Homeschooling ADHD with Charlotte Mason

homeschooling ADHD with Charlotte Mason

I have poignant memories of the chaos and trauma of those years right before we realized two of our kids had ADHD. The rages, the sensory issues, the meltdowns, the distraction, the hyperactivity! While early on we had embraced the classical method of education for our homeschool, I was drowning in the ADHD chaos. Trying to enforce a rigid daily structure with lots of memory work was a constant uphill battle. Additionally, our family was also experiencing different health issues at the time. My husband was going in for his second back surgery when I picked up Karen Andreola’s Charlotte Mason Companion to read in the waiting room. Within just a couple of hours, I devoured that book.

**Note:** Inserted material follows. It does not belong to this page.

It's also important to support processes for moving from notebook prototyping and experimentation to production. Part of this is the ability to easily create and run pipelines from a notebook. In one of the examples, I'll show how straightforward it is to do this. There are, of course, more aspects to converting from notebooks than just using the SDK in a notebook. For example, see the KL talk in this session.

It was a breath of fresh inspiration, the grace I needed to navigate our torrent of homeschool challenges. Homeschooling ADHD with Charlotte Mason’s ideas became a game-changer, even a life-changer for us.

While I don’t adhere to everything Charlotte Mason, I really appreciated the outlook she had on children and education in general and her practical tips for maintaining a healthy love for learning. Charlotte Mason changed how I approached homeschooling ADHD kiddos.

Homeschooling ADHD with Charlotte Mason

Soon after my kids’ were diagnosed with ADHD, my pediatrician recommended a popular book on the topic. I hated it. I hated that the focus was largely on how hard life with ADHD would be. I already knew that. I lived it daily. I wanted to hear something positive. As I read Charlotte Mason’s ideas about children and people, I loved how she helped me gain perspective in those hard moments.

“We all have need to be trained to see, and to have our eyes opened before we can take in the joy that is meant for us in this beautiful life.”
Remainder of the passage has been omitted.